Black-and-white illustrations echo the dark content, with crosshatched textures adding overlapping layers and depth to plaid dresses, plush rugs, and the dapper suit and bow tie of a murderous tiger. In “The Awful Underground,” these evocative illustrations stand alone, absent of the jaunty, rhyming verse juxtaposed with the nightmarish pictures in other entries, allowing imagination to fill in the fear and foreboding. The title story is another standout, taking sibling rivalry to new heights as two sisters’ jealousy leads to lobbed-off tongues and drums played with dismembered hands. Focal characters are rendered with simple features, their bulbous eyes and gaping mouths portraying fear, fury, delight, and madness as the stories demand.

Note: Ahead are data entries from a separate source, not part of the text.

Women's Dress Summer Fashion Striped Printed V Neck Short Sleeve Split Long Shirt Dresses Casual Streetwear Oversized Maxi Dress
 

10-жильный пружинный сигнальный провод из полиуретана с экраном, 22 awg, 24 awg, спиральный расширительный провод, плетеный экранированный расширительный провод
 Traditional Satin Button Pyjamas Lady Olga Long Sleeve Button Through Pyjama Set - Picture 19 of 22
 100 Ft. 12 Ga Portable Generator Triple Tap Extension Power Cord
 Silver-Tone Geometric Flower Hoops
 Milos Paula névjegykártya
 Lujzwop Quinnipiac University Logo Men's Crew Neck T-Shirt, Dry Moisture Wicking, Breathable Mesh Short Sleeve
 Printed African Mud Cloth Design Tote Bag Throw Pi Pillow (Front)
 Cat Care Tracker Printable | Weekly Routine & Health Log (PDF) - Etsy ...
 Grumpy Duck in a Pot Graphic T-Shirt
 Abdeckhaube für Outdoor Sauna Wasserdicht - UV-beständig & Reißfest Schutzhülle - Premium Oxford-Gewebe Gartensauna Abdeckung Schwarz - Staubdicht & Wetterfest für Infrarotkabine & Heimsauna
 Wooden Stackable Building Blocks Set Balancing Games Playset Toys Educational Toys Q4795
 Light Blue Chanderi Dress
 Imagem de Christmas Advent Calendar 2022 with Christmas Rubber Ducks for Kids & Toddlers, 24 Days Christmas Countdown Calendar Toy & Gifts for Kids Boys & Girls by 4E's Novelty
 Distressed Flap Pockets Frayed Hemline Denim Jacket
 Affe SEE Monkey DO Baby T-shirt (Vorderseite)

The rhyming verse is light and concise, playing off the intricate illustrations. Amusing turns of phrase, repetition, and other poetic devices are used with intent, propelling the flow of the twisted narratives without distracting from their visual counterparts. Familiar themes and images appear—children enjoying a playground or parents at their wits’ end—but surprise endings abound with dark satisfaction, as evidenced in “Honourable Beasts,” the story of a merry band of carnivores who invite a young girl to a feast after her mother scolds her.
A mature play on the nursery rhyme archetype, The Envious Siblings is an entertaining embrace of the dark side of humor from a rising talent in cartooning.